- **Work request**
Copy, exactly as written, the lines that begin at the one containing "Marquez, Texas map" and end at the one containing "Maxton - Street". Skip any pictures in the data below.

- **Data to process**
———
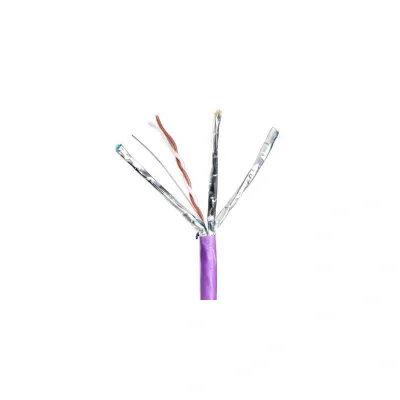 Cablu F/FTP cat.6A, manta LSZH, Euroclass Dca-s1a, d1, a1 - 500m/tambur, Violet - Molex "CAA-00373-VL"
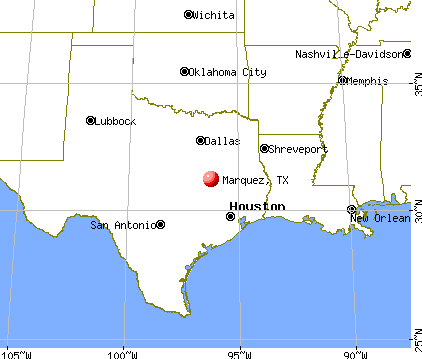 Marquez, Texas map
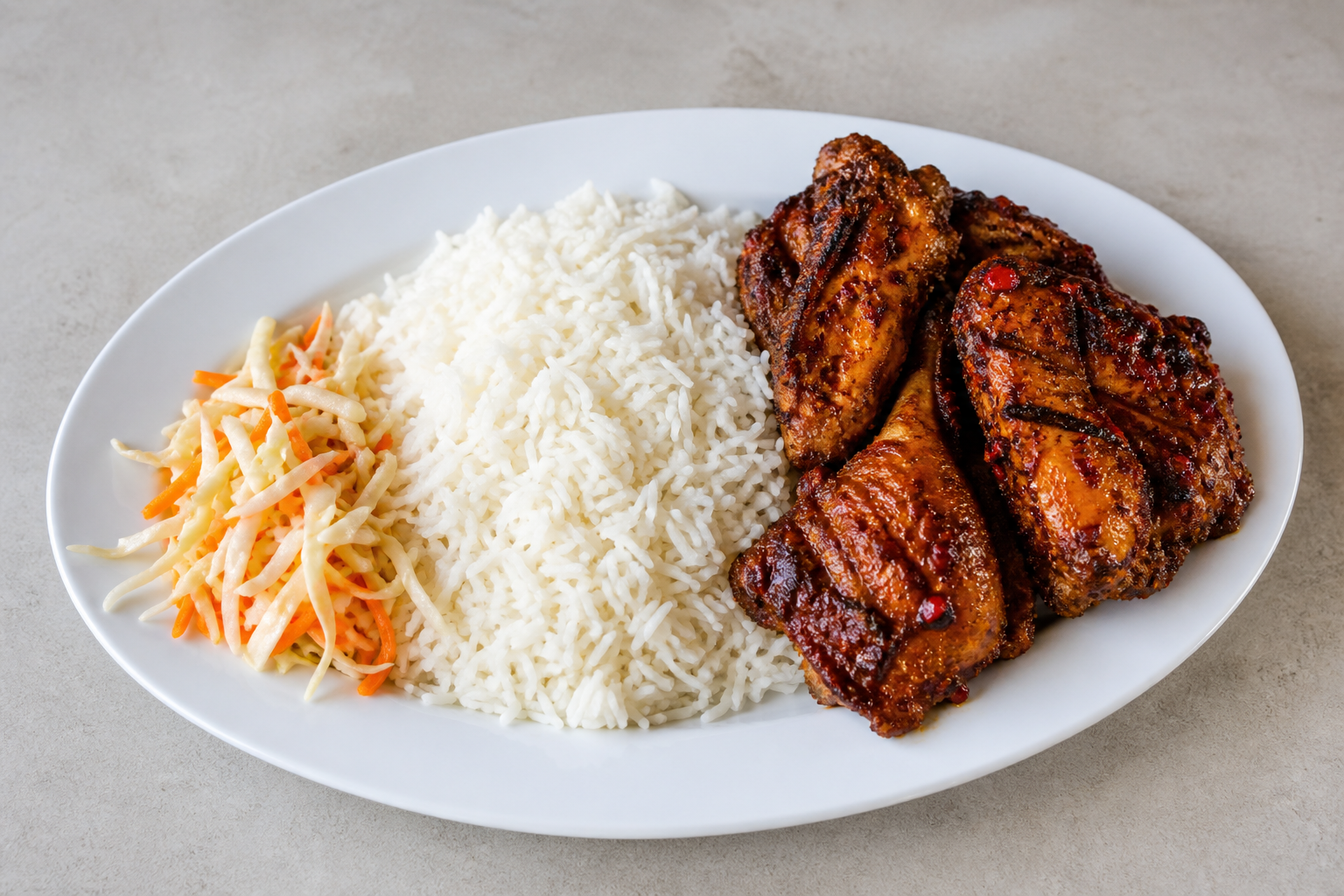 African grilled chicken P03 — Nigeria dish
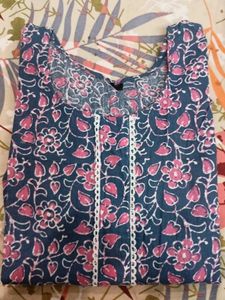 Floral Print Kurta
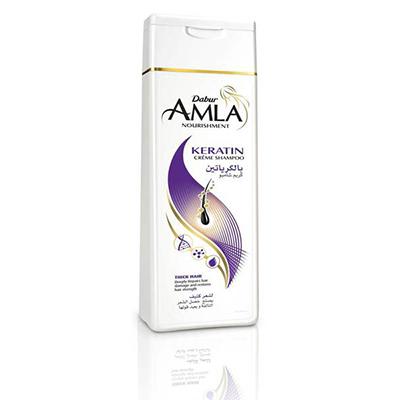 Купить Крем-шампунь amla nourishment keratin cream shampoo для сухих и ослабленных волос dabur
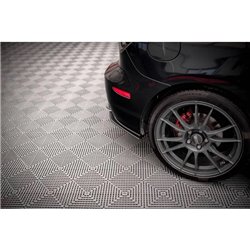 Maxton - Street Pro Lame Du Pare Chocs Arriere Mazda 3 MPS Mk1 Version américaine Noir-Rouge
———
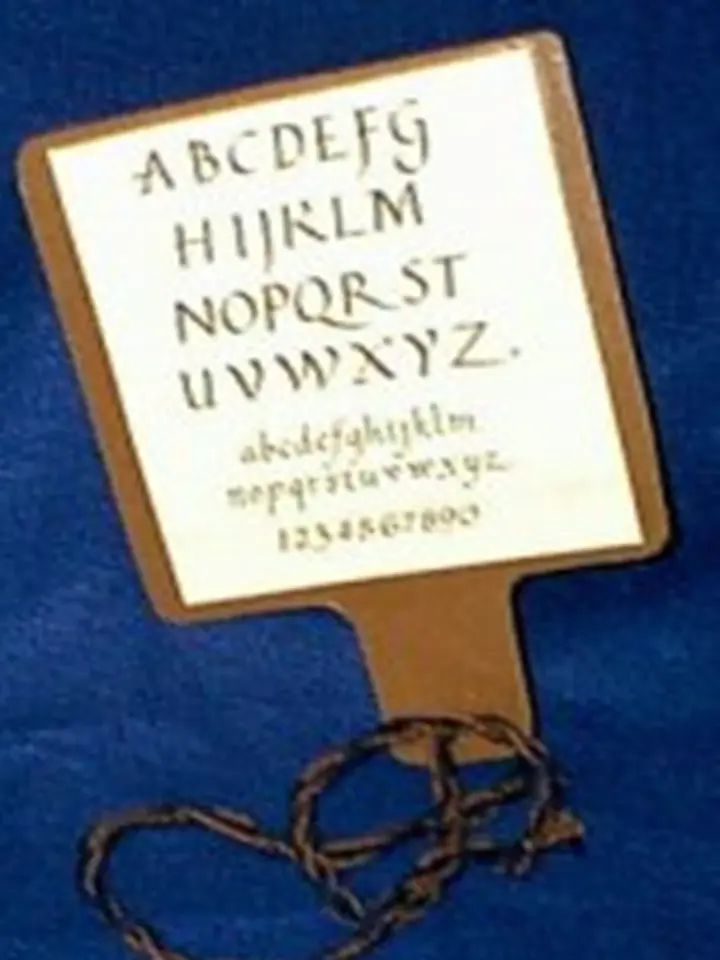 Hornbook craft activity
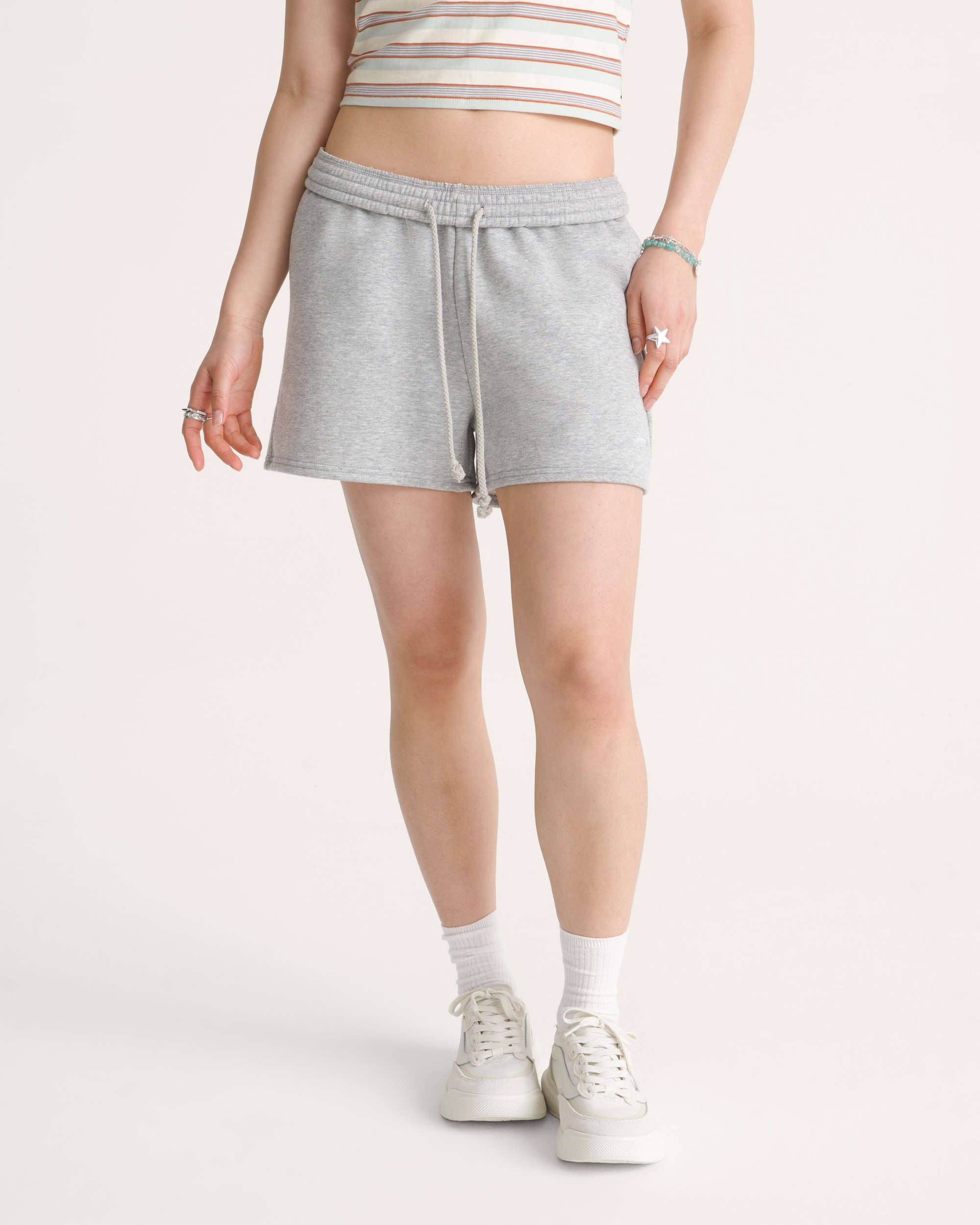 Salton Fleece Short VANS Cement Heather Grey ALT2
———
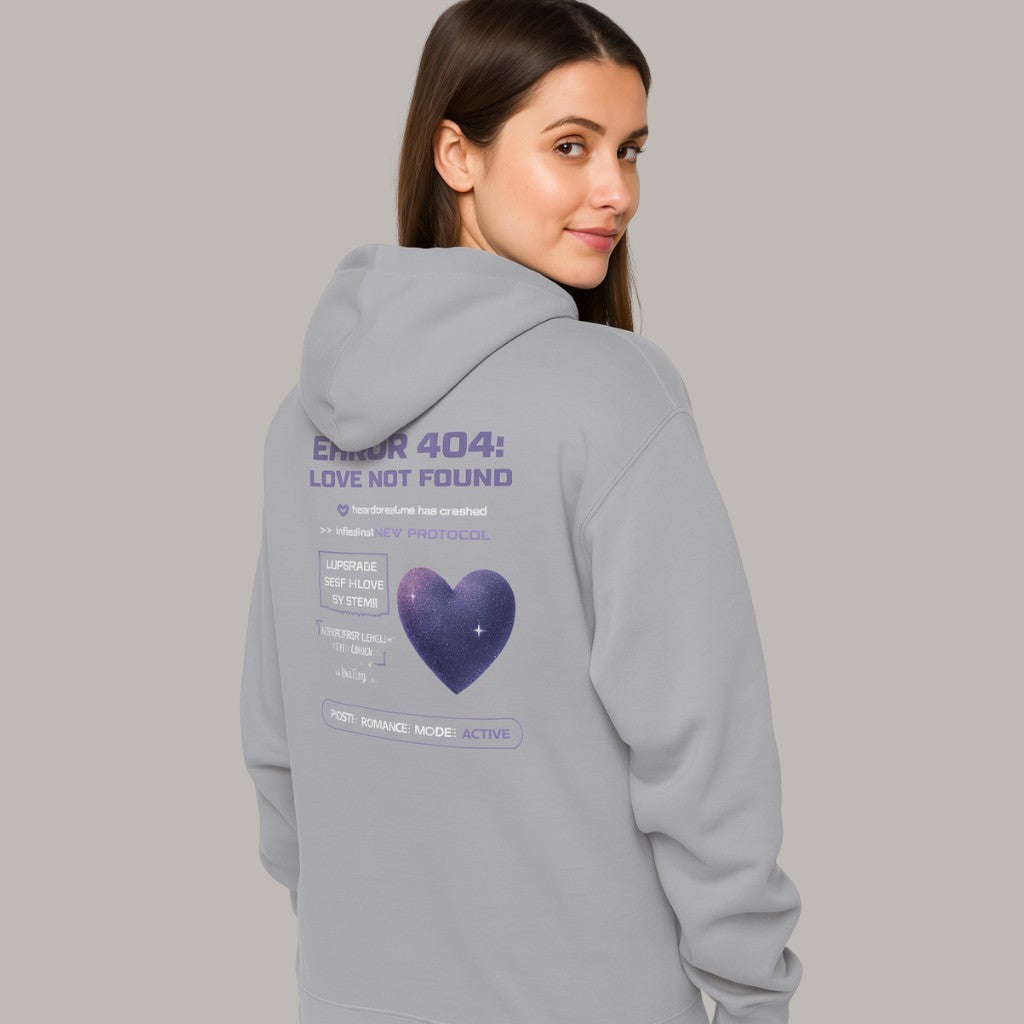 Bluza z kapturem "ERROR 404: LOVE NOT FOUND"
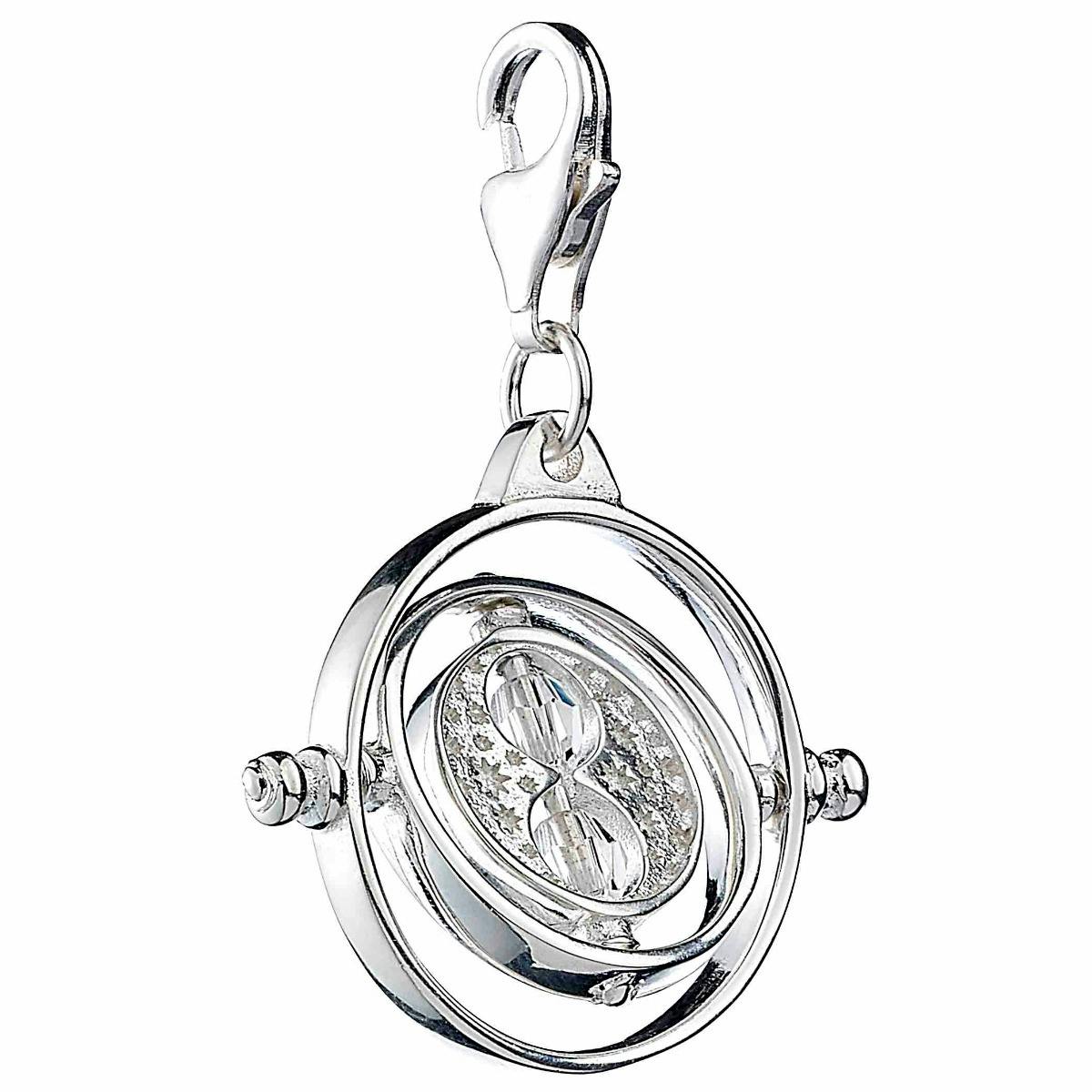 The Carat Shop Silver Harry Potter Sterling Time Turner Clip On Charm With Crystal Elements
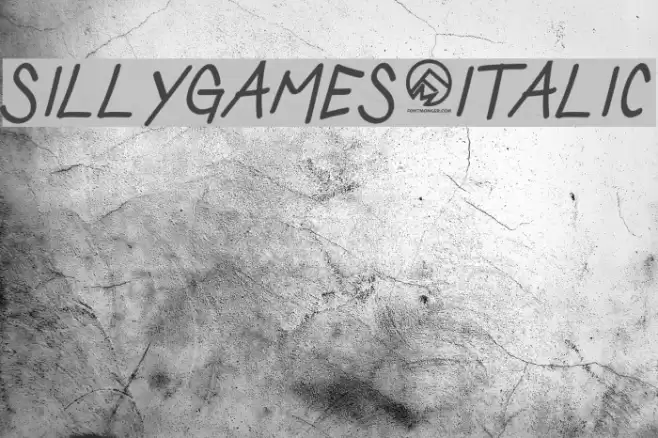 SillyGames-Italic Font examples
———
- **Finished task**
 Marquez, Texas map
 African grilled chicken P03 — Nigeria dish
 Floral Print Kurta
 Купить Крем-шампунь amla nourishment keratin cream shampoo для сухих и ослабленных волос dabur
 Maxton - Street Pro Lame Du Pare Chocs Arriere Mazda 3 MPS Mk1 Version américaine Noir-Rouge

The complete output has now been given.